Segment Open

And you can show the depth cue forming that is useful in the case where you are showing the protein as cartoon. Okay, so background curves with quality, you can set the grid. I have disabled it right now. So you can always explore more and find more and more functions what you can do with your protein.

Segment Closed
Segment Open

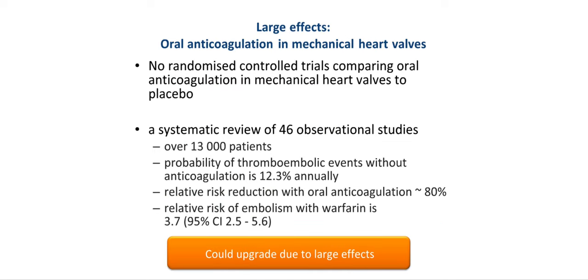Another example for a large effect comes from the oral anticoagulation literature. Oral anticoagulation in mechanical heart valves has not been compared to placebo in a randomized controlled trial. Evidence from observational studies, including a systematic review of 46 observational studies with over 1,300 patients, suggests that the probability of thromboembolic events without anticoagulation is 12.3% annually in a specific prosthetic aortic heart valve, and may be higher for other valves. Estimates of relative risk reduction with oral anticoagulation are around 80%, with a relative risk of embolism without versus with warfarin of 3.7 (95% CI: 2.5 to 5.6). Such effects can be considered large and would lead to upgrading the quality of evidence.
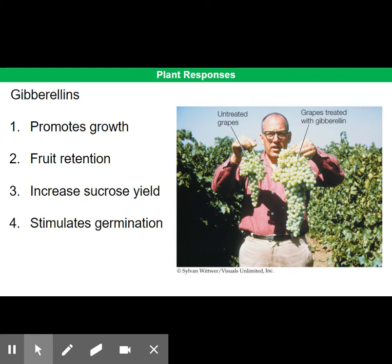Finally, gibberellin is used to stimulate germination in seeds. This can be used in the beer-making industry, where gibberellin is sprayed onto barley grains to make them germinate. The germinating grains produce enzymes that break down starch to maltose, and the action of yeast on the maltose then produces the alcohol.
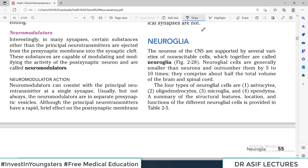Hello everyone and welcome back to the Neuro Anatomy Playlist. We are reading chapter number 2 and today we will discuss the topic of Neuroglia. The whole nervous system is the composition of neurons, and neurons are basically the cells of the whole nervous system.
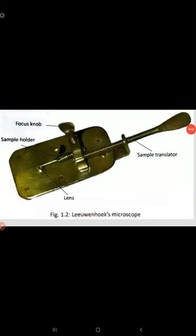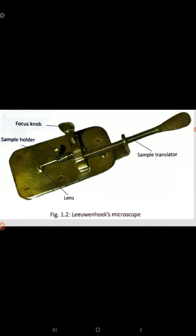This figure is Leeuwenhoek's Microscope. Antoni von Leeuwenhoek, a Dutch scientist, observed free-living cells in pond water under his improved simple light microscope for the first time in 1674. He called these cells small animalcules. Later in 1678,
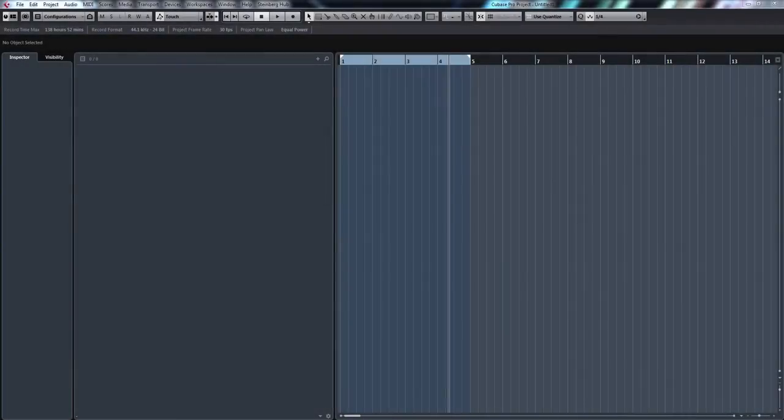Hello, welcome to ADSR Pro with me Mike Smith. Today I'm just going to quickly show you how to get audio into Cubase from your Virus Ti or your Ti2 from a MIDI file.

Segment Closed
Segment Open

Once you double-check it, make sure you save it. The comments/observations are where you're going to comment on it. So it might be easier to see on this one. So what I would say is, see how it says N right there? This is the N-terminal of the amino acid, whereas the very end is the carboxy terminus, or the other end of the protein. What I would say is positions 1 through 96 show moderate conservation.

Segment Closed

GOAL OF THE EXERCISE – Please show every line above that includes the word "protein".

RESPONSE –
And you can show the depth cue forming that is useful in the case where you are showing the protein as cartoon. Okay, so background curves with quality, you can set the grid. I have disabled it right now. So you can always explore more and find more and more functions what you can do with your protein.
Once you double-check it, make sure you save it. The comments/observations are where you're going to comment on it. So it might be easier to see on this one. So what I would say is, see how it says N right there? This is the N-terminal of the amino acid, whereas the very end is the carboxy terminus, or the other end of the protein. What I would say is positions 1 through 96 show moderate conservation.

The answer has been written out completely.